It’s the Atlanta Braves first baseman… like you’ve never seen before
The Atlanta Braves truly have a special player at first base — and this weekend you can experience that at a whole new level.
He’s been a great interview. He’s got a personality like few others on the field. Yet even these glimpses into the life of Atlanta Braves star Freddie Freeman tell you about him.
This weekend, that changes.
On Sunday afternoon — both at 2pm and 5pm EDT — ESPN will debut an “E60” episode that features Freddie Freeman and members of his family… an excellent introduction to their Sunday night game featuring the Braves and the Phillies from Truist Park that starts at 7pm.
If you can’t catch either of these showings, the ESPN App will have it available “on demand” until May 4th, when the program goes to ESPN+.
ESPN has reached out to us to give us some hints of what we’ll see in this hour-long look at the Freeman family, which more-or-less begins at the bottom when the Freeman clan lost mother Rosemary… and then things almost got worse from there:
When Freeman was named NL MVP last November, he was struck by the full circle nature of his own life’s story.

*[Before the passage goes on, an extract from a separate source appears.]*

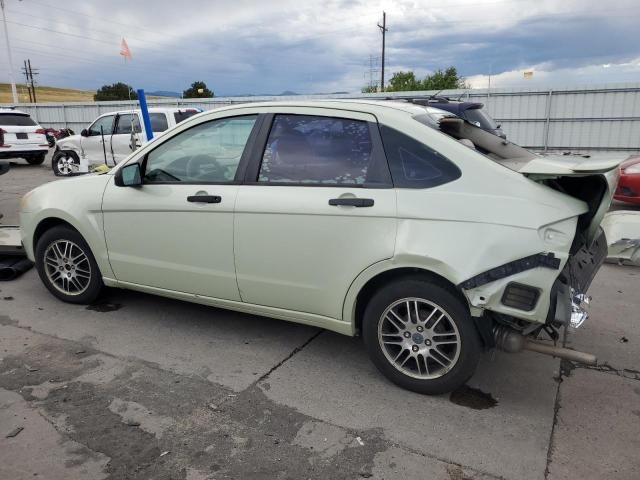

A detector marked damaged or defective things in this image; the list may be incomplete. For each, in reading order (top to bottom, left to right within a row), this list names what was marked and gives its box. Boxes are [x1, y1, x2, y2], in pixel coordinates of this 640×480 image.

cracked pavement [0, 160, 636, 476]
broken plastic trim [458, 253, 556, 290]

Growing up in Villa Park, Calif., Freeman had it all – until he didn’t. The devastating loss of his mother when Freddie was only 10 years old, and the near loss of his father just two years later, sent Freeman on a journey to replicate what he once had: a complete family – all while striving to achieve baseball greatness.

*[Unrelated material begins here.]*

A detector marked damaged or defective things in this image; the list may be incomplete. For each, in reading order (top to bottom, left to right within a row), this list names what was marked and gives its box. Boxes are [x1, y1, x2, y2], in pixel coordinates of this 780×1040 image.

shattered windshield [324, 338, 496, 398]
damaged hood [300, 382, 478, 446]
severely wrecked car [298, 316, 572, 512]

It was a highly emotional time — and it clearly still is, as you can see from this clip:
The Atlanta Braves: stars on pedestals
As fans, we tend to look up to our ballplayers — from any sport — as being somehow larger than life or nearly immune to the day-to-day struggles that we all face.
Heck, I can think of my own family literally on the same day that I saw Freeman in person for the first time: it was 2009 while he and Jason Heyward were roaring up through the minor leagues and playing for AA Mississippi. They truly looked like men among boys — and played like it.
Two days later, my son was diagnosed with leukemia. But for that night, those Braves prospects made us forget about what else might have been going on with us that weekend (and yes: my son is now a 12-year survivor!).
But as we’ve seen with Freeman, even players who perform at the highest levels of the game are not exempt from their own challenges. In fact, they are often expected to keep going… despite whatever else may be going on.
ESPN’s Buster Olney peels back that curtain with Freddie and his family.
It will almost certainly make you appreciate what he does all the more.